SCHWARZ (an den Staffeleien, seine Farben präparierend)
Dem Impressionismus dankt es die heutige Kunst jedenfalls, dass sie sich alten Meistern ohne Erröten an die Seite stellen darf.
GOLL
Für ein Stück Schlachtvieh mag sie ja ganz angebracht sein.
SCHÖN
Nur um Gottes willen keine Aufregung!
LULU
(fällt Goll um den Hals und küsst ihn).
GOLL
Man sieht dein Negligé. Du musst es herunterziehen.
LULU
Ich hätte es am liebsten weggelassen. Es geniert nur.
GOLL
Er wäre imstande und malte es hin.
LULU (nimmt den Schäferstab, der an der spanischen Wand lehnt, auf das Podium steigend, zu Schön)

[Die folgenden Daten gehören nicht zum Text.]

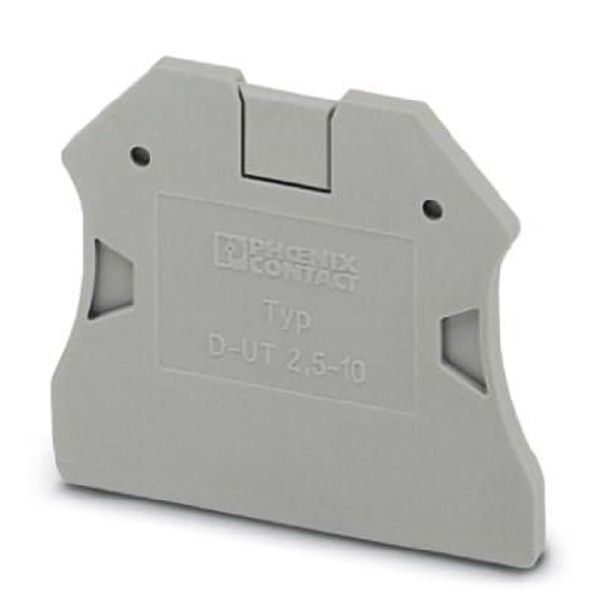 Abschlussdeckel für Reihenklemme UT4 und UT10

Was würden Sie jetzt sagen, wenn Sie zwei Stunden Parade stehen müssten?
SCHÖN
Meine Seele verschriebe ich dem Teufel, um mit Ihnen tauschen zu dürfen.
GOLL (sich rechts setzend)
Kommen Sie hierher. Hier ist nämlich mein Beobachtungsposten.
LULU (das linke Beinkleid bis zum Knie hinaufraffend, zu Schwarz)
So?
SCHWARZ
Ja …
LULU (es um eine Idee höher raffend)
So?
SCHWARZ
Ja, ja …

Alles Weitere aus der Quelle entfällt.